BEGIN Data for this exercise

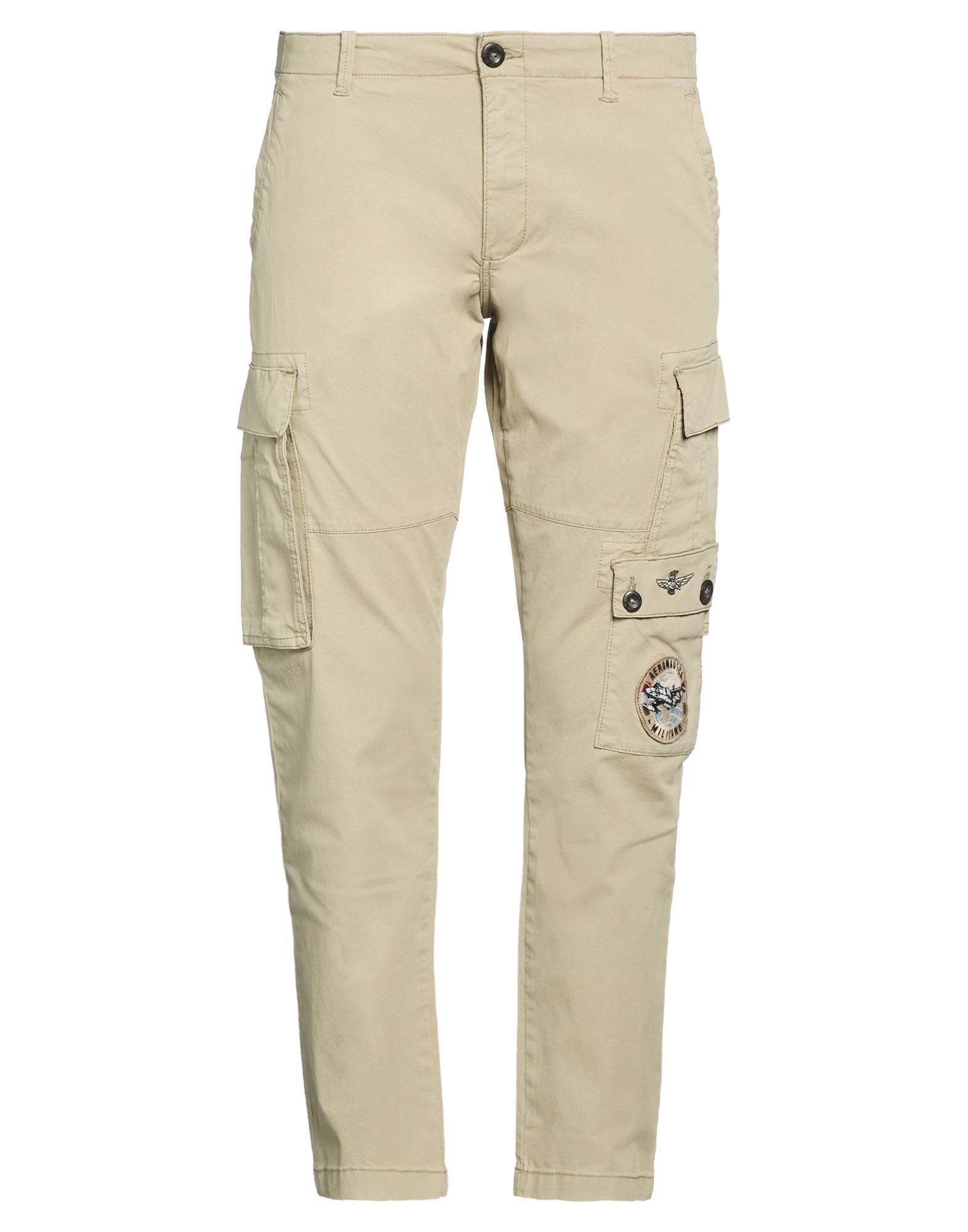 AERONAUTICA MILITARE - Pants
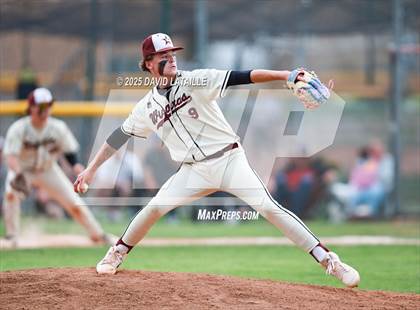Thumbnail 3 in Fort Morgan @ Windsor (CHSAA 4A Regional Finals Game 2) photogallery.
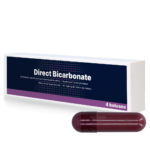 Direct Bicarbonate 4 x 116 g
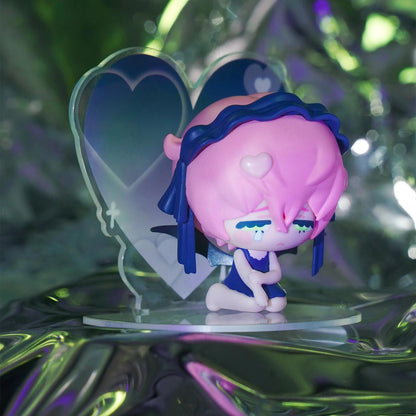 Alien Stage: Stage Series - Blind Box - 7 cm - Einzelbox - 52TOYS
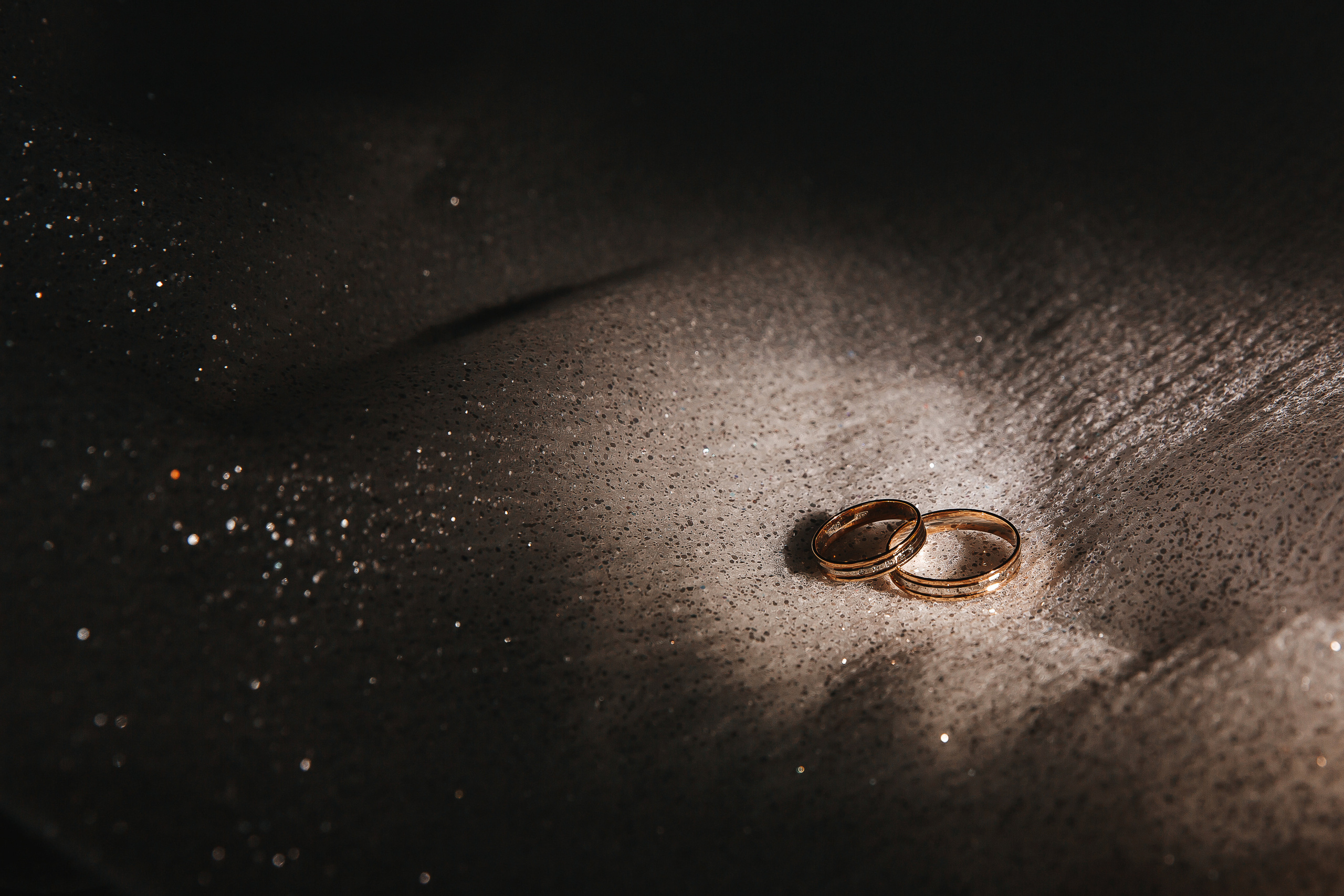 Андрей и Виолетта. Свадебный фотограф Ярославль Ирина Волоцкая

END Data for this exercise

Without including a single picture, restate all of the data word for word.

 AERONAUTICA MILITARE - Pants
Thumbnail 3 in Fort Morgan @ Windsor (CHSAA 4A Regional Finals Game 2) photogallery.
 Direct Bicarbonate 4 x 116 g
 Alien Stage: Stage Series - Blind Box - 7 cm - Einzelbox - 52TOYS
 Андрей и Виолетта. Свадебный фотограф Ярославль Ирина Волоцкая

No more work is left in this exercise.